Ms Saffaa, an artist and resident of Common Ground told City Hub intimidation tactics were used to inform residents they were locked down through a leaflet slipped under their doors which warned residents not to leave the building or police would be called.

“They are treating us like suspects, like criminals. They are not giving us the benefit of the doubt. If this building was in an affluent area, I guarantee you this would not happen, the lockdown in the first place would have never happened,” she said.

“You have to understand how upset we are, this is completely classist, and they are just doing this because we’re poor essentially, that’s what it comes down to.”
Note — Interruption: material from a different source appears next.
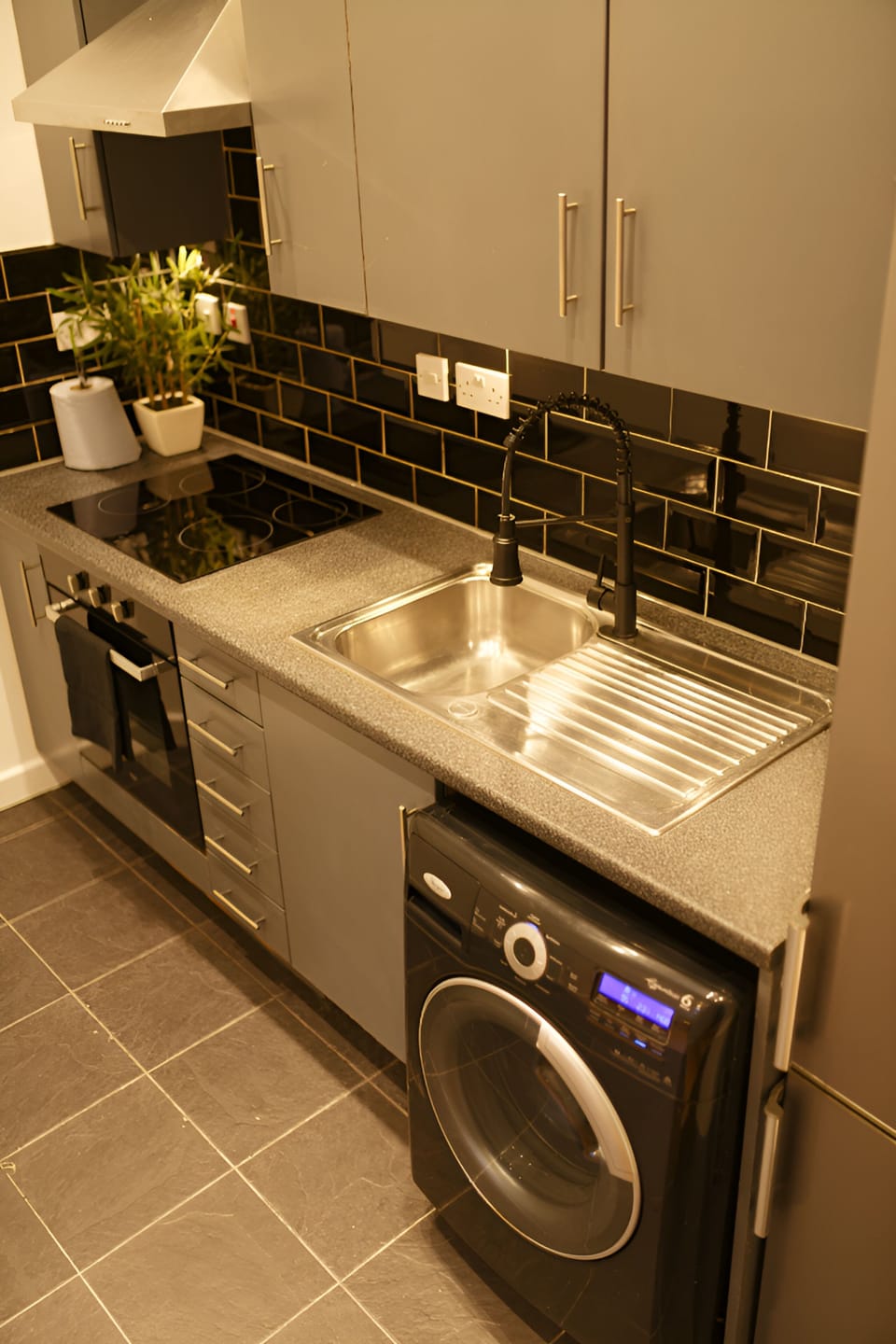 Romantic Duplex | Private kitchen | Full-size fridge, microwave, oven, electric kettle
She said it was imperative that the residents receive proper support.

“A lot of these people have been previously either incarcerated or homeless or institutionalized and for them to be dealing immediately with NSW Health or the police, that’s traumatizing for them.
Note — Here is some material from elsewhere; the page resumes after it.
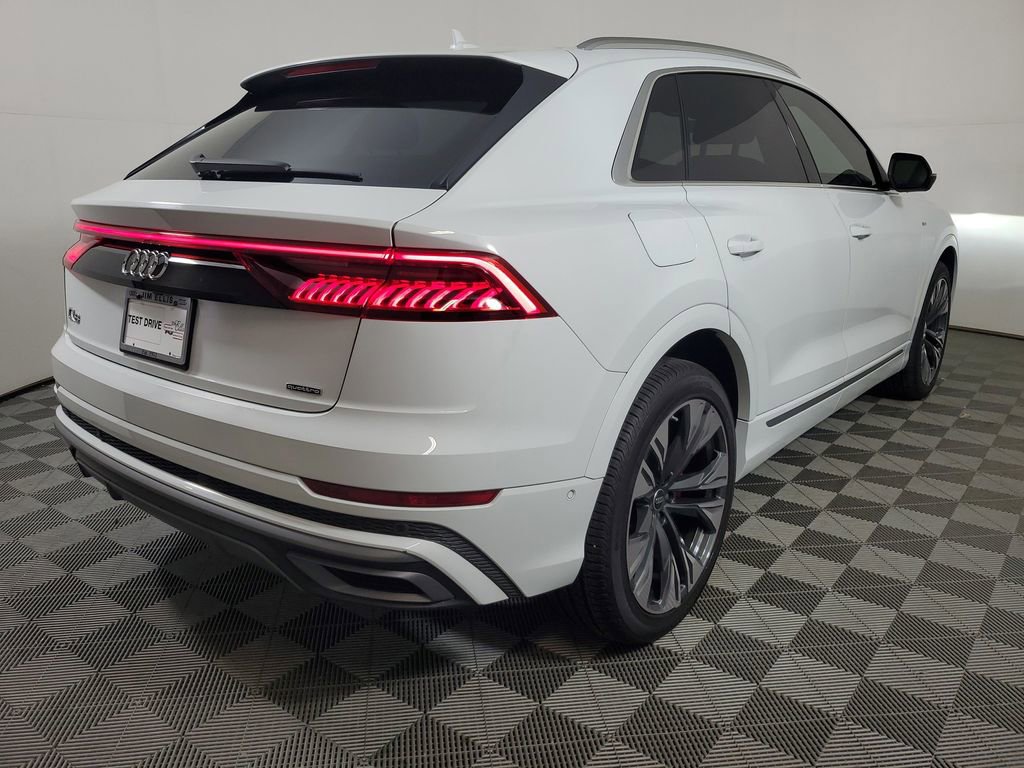 Used 2023 Audi Q8 Prestige AWD/4WD image 6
“These people who have gone through institution after institution, have been victimized by these institutions and not treated well by these institutions and end up in homeless shelters, and Mission Australia has relinquished all of their power over the building, and they handed us over to NSW Police and NSW Health without consulting us.”

Ms Saffaa said she has been doing the work to look after other residents’ mental health and get them in contact with help.

“My mental health is hanging on by a thread, and here I am trying to care for other people.

“I have bipolar and I’m severely manic at the moment and the only way I’ve been managing my mania and depression without medication is to exercise. I ride my bike for two hours. I go to the skate park for two hours. That’s how I manage it and now I’m locked here.

“I’m going out of my brain trying to figure out ways to get my heart rate up,” she said.

Food fumble

Mission Australia’s CEO James Toomey said Mission Australia has been coordinating food hampers, delivery of food including fresh food boxes and frozen meals, providing supermarket gift vouchers, meal delivery gift vouchers such as Uber Eats, complimentary pizza, and other items.

“We have also called tenants to understand their dietary needs and have been providing access to gluten free, vegetarian, vegan and lactose free food deliveries to meet these needs,” he said.

Ms Saffaa said she had a phone call with Mission Australia in which they asked about her dietary needs. She then received a box which she said was not appropriate for her to eat.

She said she called them about a different resident’s food requirements and was told they are not providing any cooked meals because too many residents in the building have dietary needs that cannot be met.

She said they were also told there are only three time slots that deliveries will be brought to them.

“If I order at 2, I’m not going to get my food until 3, if I order at 5 and it arrives at 5, it’s not going to get to me until 6,” she said.

NSW Health said the welfare of residents is paramount.

NSW Police said police were present to ensure compliance with the public health orders.

Common Ground Action Group has put a list of questions and demands to Mission Australia.